What the task asks ▸
Only the text of the records below belongs in the answer, copied exactly, with pictures omitted.

═════ Extracted material

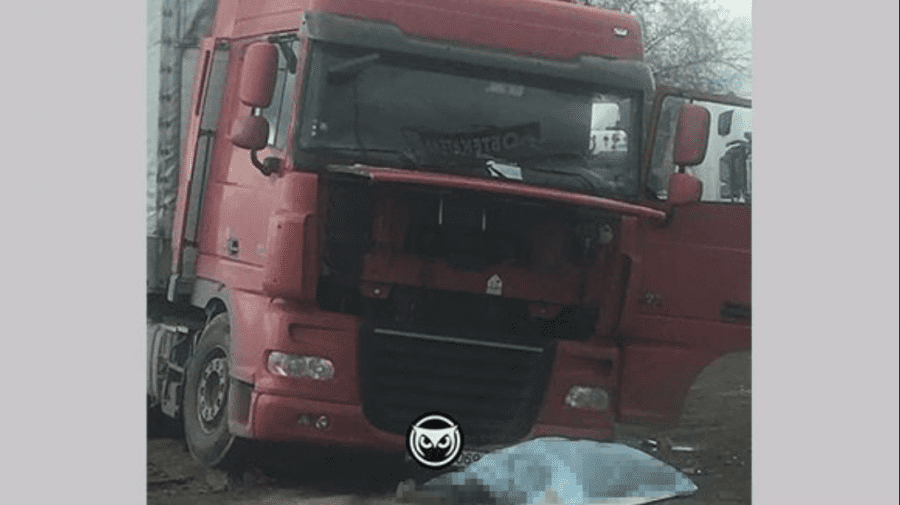 (FOTO) Caz tragic în Rusia. Un moldovean a fost strivit de propriul autocamion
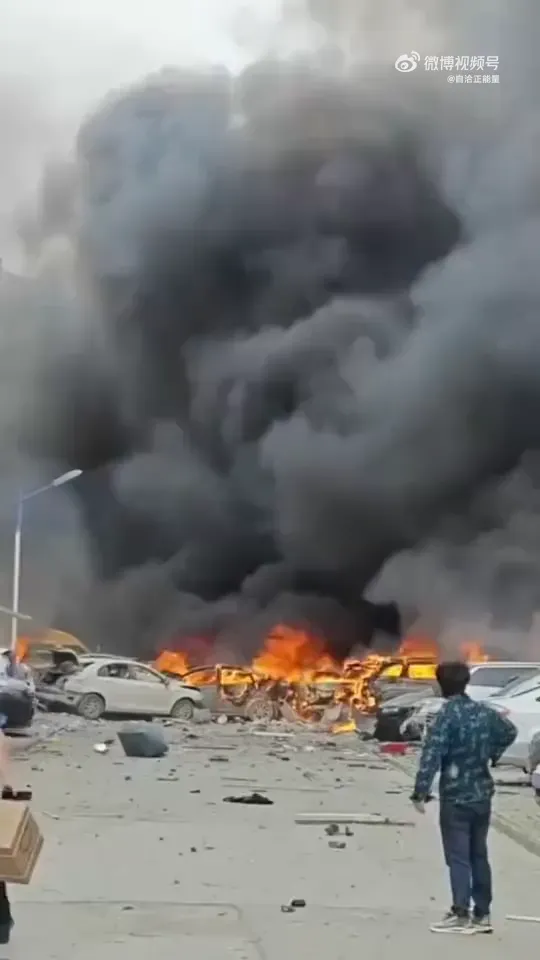 影/停車場淪火海！山西一社區突爆炸釀17傷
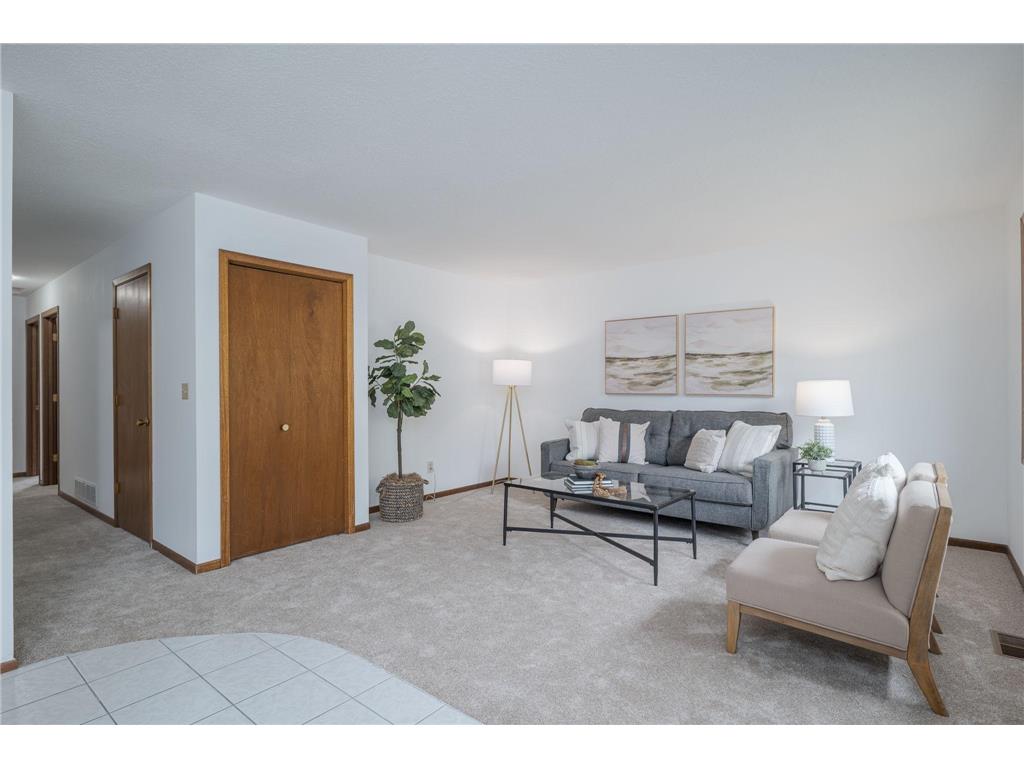 79 6 1/2 Street NW Elk River MN 55330 7077852 image3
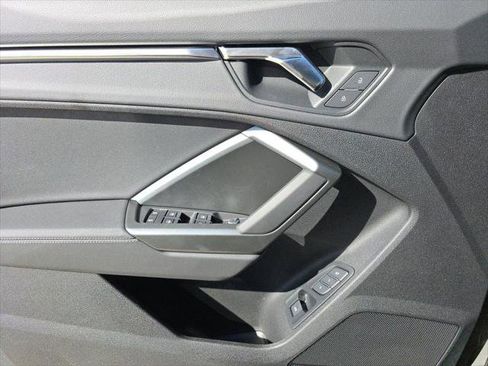 Certified 2025 Audi Q3 2.0T Premium AWD/4WD image 18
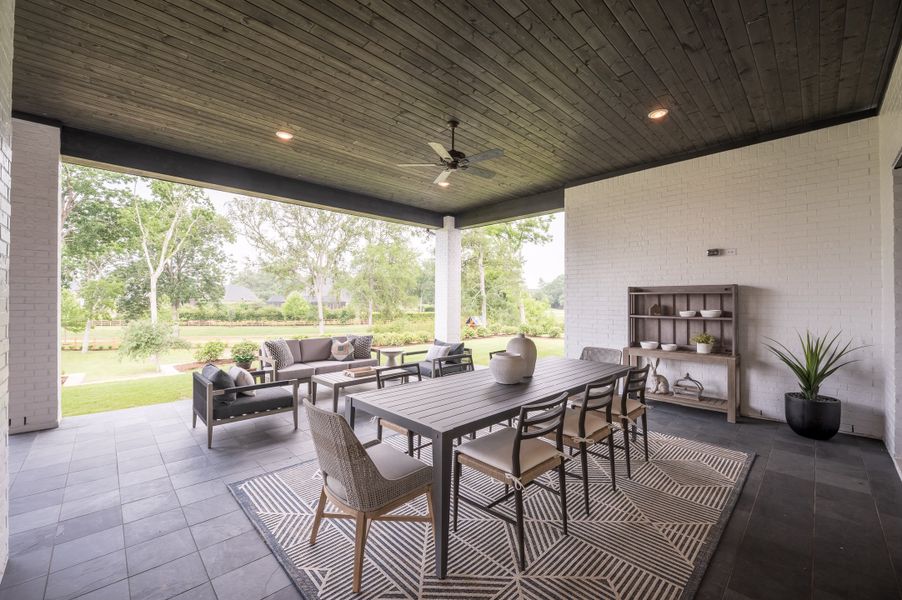 Image 93 representing the Meritage by Tri Pointe Homes in Legacy Grove, Montgomery, TX.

══════════

Expected answer ▸
 (FOTO) Caz tragic în Rusia. Un moldovean a fost strivit de propriul autocamion
 影/停車場淪火海！山西一社區突爆炸釀17傷
 79 6 1/2 Street NW Elk River MN 55330 7077852 image3
 Certified 2025 Audi Q3 2.0T Premium AWD/4WD image 18
 Image 93 representing the Meritage by Tri Pointe Homes in Legacy Grove, Montgomery, TX.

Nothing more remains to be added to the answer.